昨年来、東京千鳥ヶ淵近くに建つイタリア人建築家ガエ・アウレンティ設計のイタリア文化会館がメディアを巻き込んだ景観論争になっている。外壁に鮮やかな赤色を大きく配したこの建物は皇居周辺の空間にそぐわない、とした周辺住民や各界著名人による外壁塗り替え要求に対し、今年2月来日したイタリアのダレーマ副首相兼外相は「個人的には美しい建物だと思う。芸術家には著作権があり、政府が色を塗り替えろと圧力をかけることはできない」と述べたという。その言葉にはイタリアという国の芸術、文化に対する考え方が端的に表れていると感じた。グローバル化とともに東京はさまざまな国の文化が混在する街になり、新しい都市空間を生み出している。その多様性が東京の街の魅力でもある。他方、戦争と高度経済成長を経て、江戸時代を起源とする街の歴史・文化的な景観は急速に失われ、統一感のない街並みが広がっている。

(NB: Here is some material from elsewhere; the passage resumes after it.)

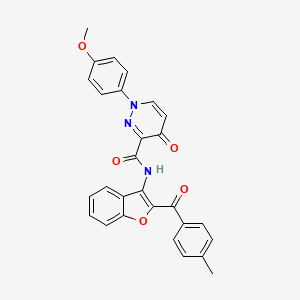 1-(4-methoxyphenyl)-N-[2-(4-methylbenzoyl)-1-benzofuran-3-yl]-4-oxo-1,4-dihydropyridazine-3-carboxamide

このような状況下で東京都は、美しく風格のある首都東京を実現しようと、景観法に定める考え方に(1)都民、事業者等との連携による首都にふさわしい景観の形成(2)交流の活発化・新たな産業の創出による東京のさらなる発展(3)歴史・文化の継承と新たな魅力の創出による東京の価値の向上、の3つの基本理念を加え、景観形成を進めていくとしている。そして建物の配置や形態、色彩など景観形成基準を設けて、これまでにない具体的な内容に踏み込んだ「東京都景観計画」が4月1日に施行された。

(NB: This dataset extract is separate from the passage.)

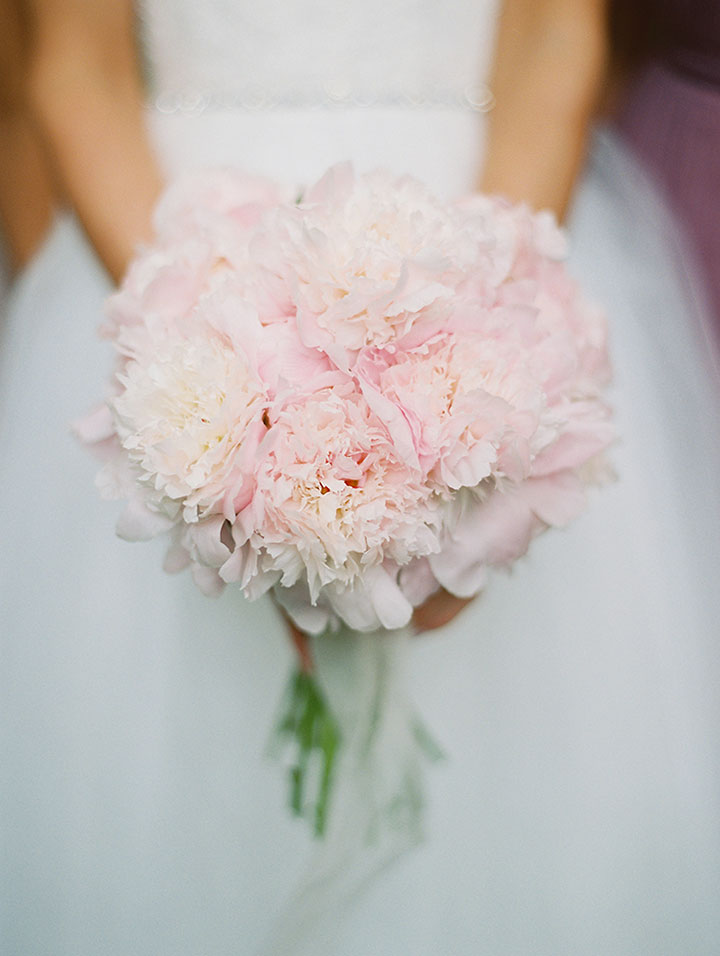 A Pale Pink, Mauve & Grey Wedding In Spring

この基本理念については大いに賛成である。しかし景観形成基準の運用、特に建築物の外壁色を規制する色彩基準については、慎重に運用してもらいたい。色彩基準を表すのに用いられるマンセル値は、アメリカの美術家アルバート・マンセル(1858~1918)が考案した色彩表現体系「マンセル表色系」において色相、明度、彩度を組み合わせて数値記号化したものである。ちなみに丸の内で復元する三菱一号館の外壁煉瓦をマンセル値で表すと10R5 / 6、前川國男設計の東京海上ビルの外壁は10R4 / 6となる。これら外壁色を今回の大規模建築物における外壁基本色の色彩基準(明度4以上は彩度1以下)に照合すると、実は彩度の部分が大幅に適合しない。「一丁倫敦」と称され、西欧化の象徴として親しまれた丸の内の街づくりは、明治27年に竣工したこの三菱一号館から始まり、大正3年には辰野金吾設計で赤煉瓦の東京駅駅舎が出来上がった。丸の内の街の歴史的な色とも言える赤煉瓦の色が不適合となる景観色彩基準には大いに疑問を感じる次第である。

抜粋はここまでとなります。